What to do: Write out the whole listing again, exactly as given.

Dataset content:
━━━━━━━━

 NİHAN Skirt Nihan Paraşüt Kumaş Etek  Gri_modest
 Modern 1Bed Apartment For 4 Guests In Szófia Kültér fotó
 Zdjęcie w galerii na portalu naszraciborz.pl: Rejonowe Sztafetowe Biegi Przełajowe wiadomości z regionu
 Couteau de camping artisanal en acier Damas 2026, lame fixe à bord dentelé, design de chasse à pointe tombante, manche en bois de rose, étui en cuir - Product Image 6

━━━━━━━━

Solution for this task:
 NİHAN Skirt Nihan Paraşüt Kumaş Etek  Gri_modest
 Modern 1Bed Apartment For 4 Guests In Szófia Kültér fotó
 Zdjęcie w galerii na portalu naszraciborz.pl: Rejonowe Sztafetowe Biegi Przełajowe wiadomości z regionu
 Couteau de camping artisanal en acier Damas 2026, lame fixe à bord dentelé, design de chasse à pointe tombante, manche en bois de rose, étui en cuir - Product Image 6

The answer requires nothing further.